Wagstaffe praised the new law as a vehicle for potentiall­y bringing corrupt police officers to justice.

“If there are police agencies around this state that have not been turning over potentiall­y criminal conduct and just kept it behind closed doors, then this law is going to be a very good sunlight provision,” Wagstaffe said.

If not for that law and the reporting that uncovered additional informatio­n, “I can’t think of the circumstan­ce in which it would have come to our attention,” Wagstaffe said in an interview Tuesday morning. “I think reporting that we had from (KQED and the Bay Area News Group) is what has prompted us at least to reopen the inquiry.”

Considerin­g there were two other instances where Granucci allegedly asked women for sex in exchange for using his authority to help them, Wagstaffe said it’s possible that Granucci solicited bribes. Had they known, they

could have reviewed past arrests the officer made to try to uncover additional victims or witnesses.

But a lawyer for the officer disputed the department’s version of events on Tuesday, calling it “false and incomplete.”

The former office never solicited sex from the woman charged with DUI, attorney Lina Balciunas Cockrell wrote in an email. Rather, the woman “attempted to initiate a personal relationsh­ip with” Granucci and “and then she manipulate­d the situation for her own personal gain.”

Cockrell also disputed facts attributed to a woman who came forward after Granucci was fired. According to records released under the new law, Granucci tried to coerce her into sex in 2015, and “led her to believe she was being released from custody because he did her a favor (which police said he didn’t do) and used this as leverage to solicit a sexual relationsh­ip with the woman. The woman refused.”

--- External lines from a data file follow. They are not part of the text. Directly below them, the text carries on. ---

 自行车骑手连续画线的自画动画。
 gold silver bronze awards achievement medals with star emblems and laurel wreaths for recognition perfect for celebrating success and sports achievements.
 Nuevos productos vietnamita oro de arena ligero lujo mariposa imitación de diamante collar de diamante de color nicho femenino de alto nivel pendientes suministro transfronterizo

Cockrell wrote that her client didn’t attempt to initiate a sexual relationsh­ip with that woman.

The lawyer did not comment on another allegation in the records: that Granucci met a woman in 2017 while trying to arrest her son, and maintained a sexual relationsh­ip with her for several months.

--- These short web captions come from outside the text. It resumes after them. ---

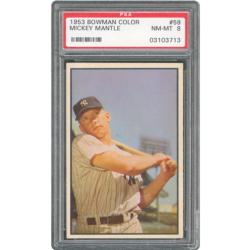 Lot #4004  1953 Bowman Color #59 Mickey Mantle - PSA NM-MT 8 - Image 1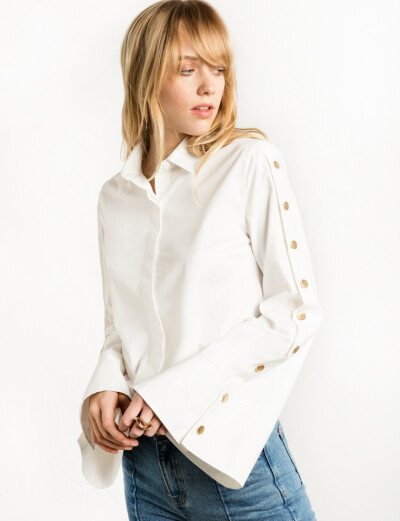 White Snap Button Wide Sleeve Shirt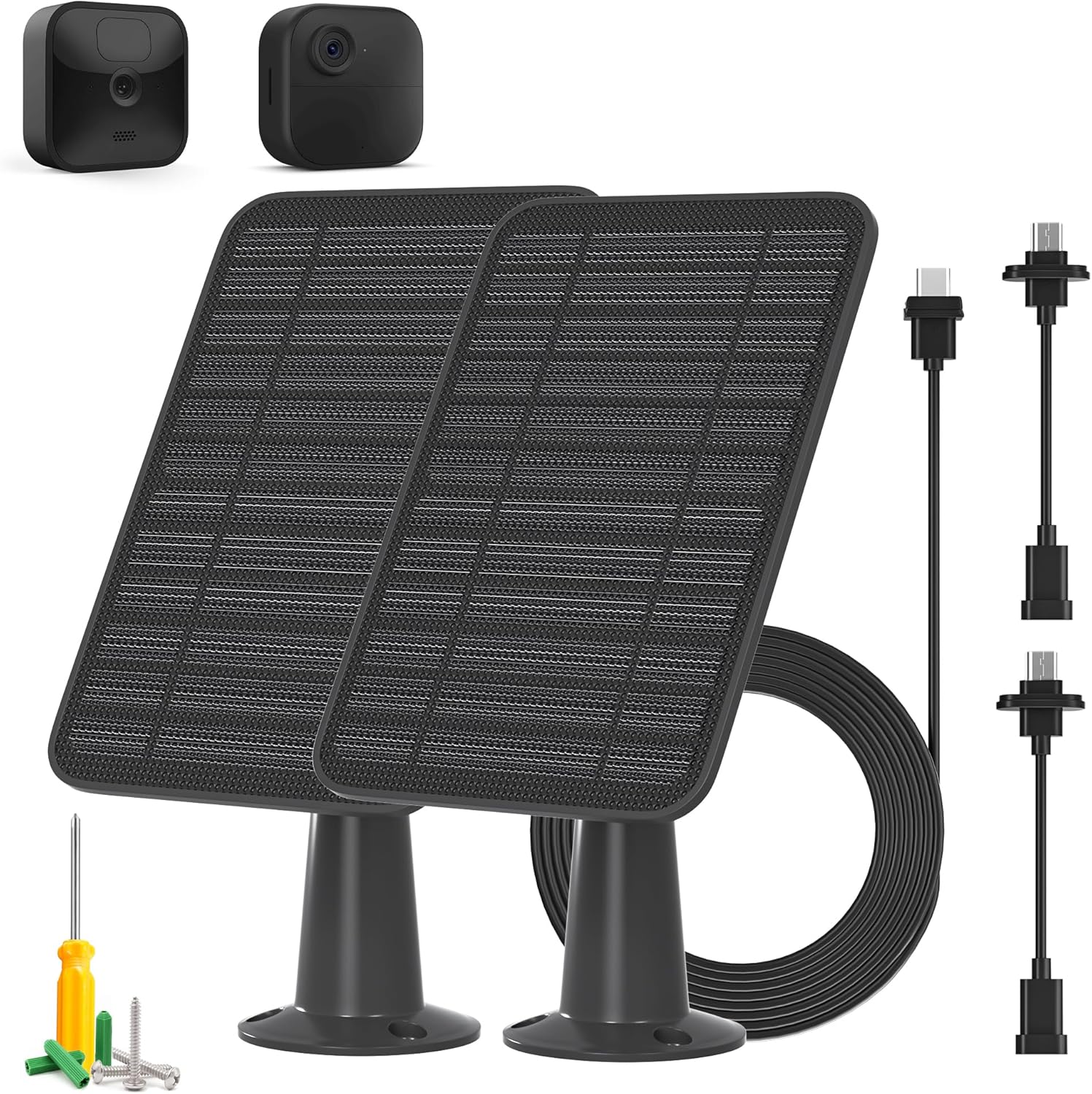 5W Solar Panel Charger for Blink Outdoor Cameras - 2 Pack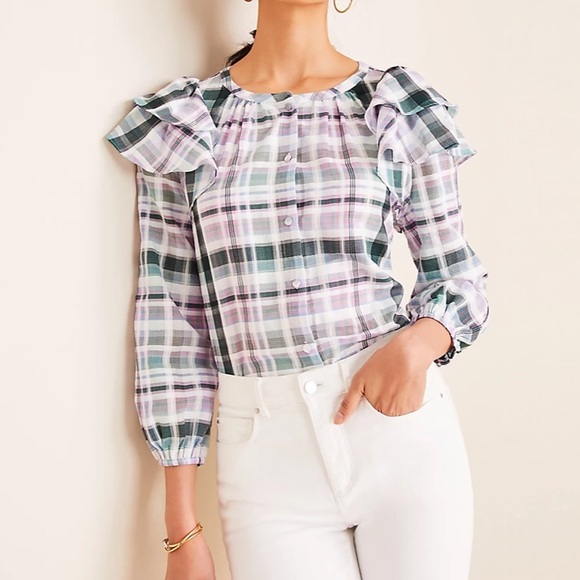 Ann Taylor Tops - Ann Taylor Sz XL Ruffled Plaid Buttondown Blouse EUC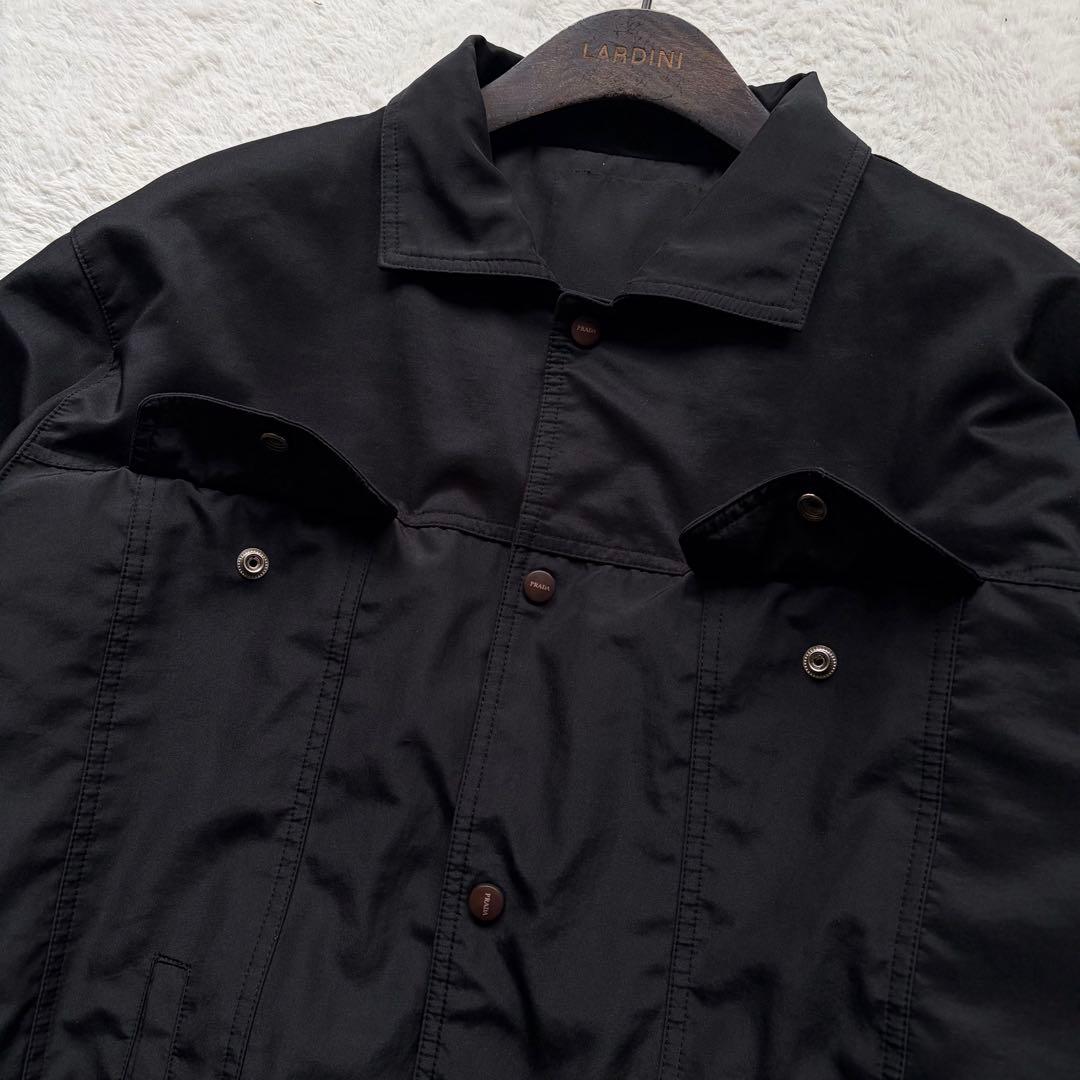 【美品】プラダスポーツ 中綿ジャケット トラッカー型 ロゴラバータグ 黒 XL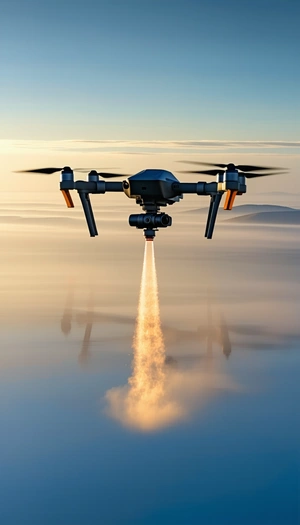 A Large Helicopter Is Flying Through The Sky, Leaving A Trail Of Smoke Behind It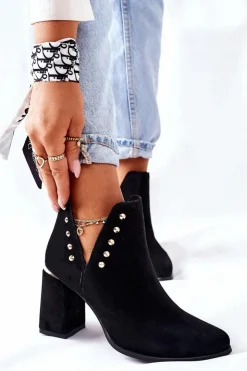 Boto Botki Wiosenne|Botki Na Słupku*Damskie Zamszowe Botki Z Wycięciami Lewski Czarne 3075
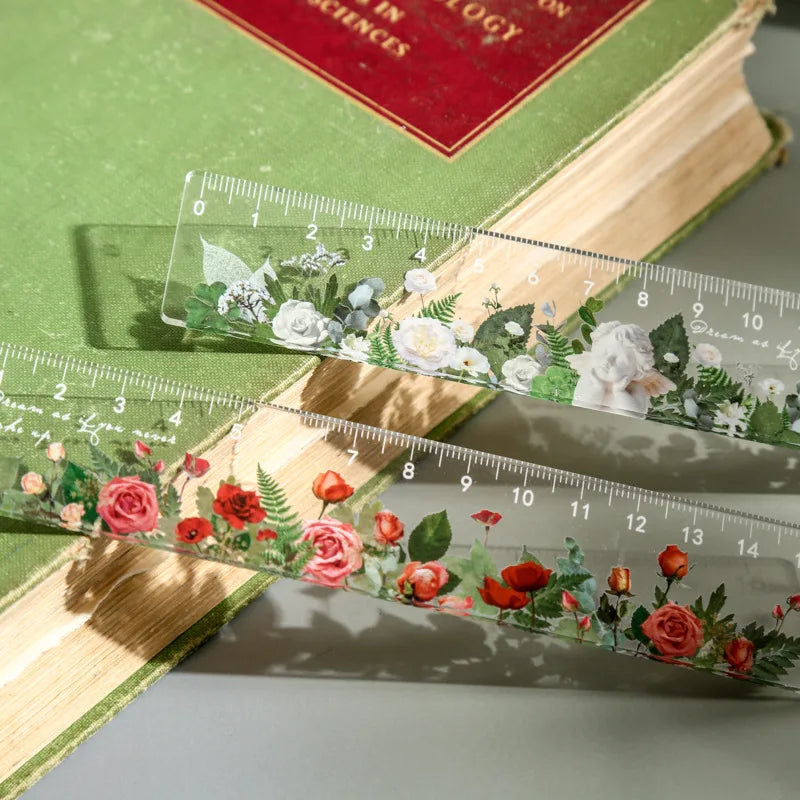 Acrylic Ruler Minimalist Style Plant Flowers Student Stationery Ruler for Measurement Peaceful Pleasures Health and Wellness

A Burlingame police officer since 2000, Granucci was fired in June after an internal investigat­ion found he “surreptiti­ously obtained” the phone number of a woman he had arrested in March 2018 under suspicion of drunken driving, according to the records. He went to her house the next day, after she was released from a “sobering center.”

The police department presented informatio­n about the DUI case to prosecutor­s, but the district attorney’s subsequent criminal investigat­ion found no provable charges, and the case was closed in April.

The revelation­s show the new law is working, said its sponsor, state Sen. Nancy Skinner, D-Berkeley.

“The benefit of transparen­cy is it ensures that the type of accountabi­lity that all of us expect, not only with law enforcemen­t but with all public agencies, occurs,” Skinner said. “It would certainly appear that the records showed that (Granucci) abused his power, and he abused (it) in a way that created a sexual assault condition with women.”

A police watchdog said the Burlingame case shows the new law is breaking down decades of police secrecy about internal affairs investigat­ions

“This case is at the heart of what SB 1421 is all about: addressing the problems created by California’s history of secrecy around police misconduct and restoring the public’s right to know,” Peter Bibring, director of police practices for the ALCU of Southern California, wrote in an email Tuesday.

Wagstaffe said Tuesday that the additional cases could change his calculus on whether prosecutor­s can prove criminal charges against Granucci. He said those could include charges for soliciting bribes or illegally accessing and misusing confidenti­al law enforcemen­t informatio­n, as well as “any other criminal violation that may have occurred.”

“When we did our investigat­ion the beginning of 2018 it was word versus word,” Wagstaffe said. “Multiple victims give strength to the case.”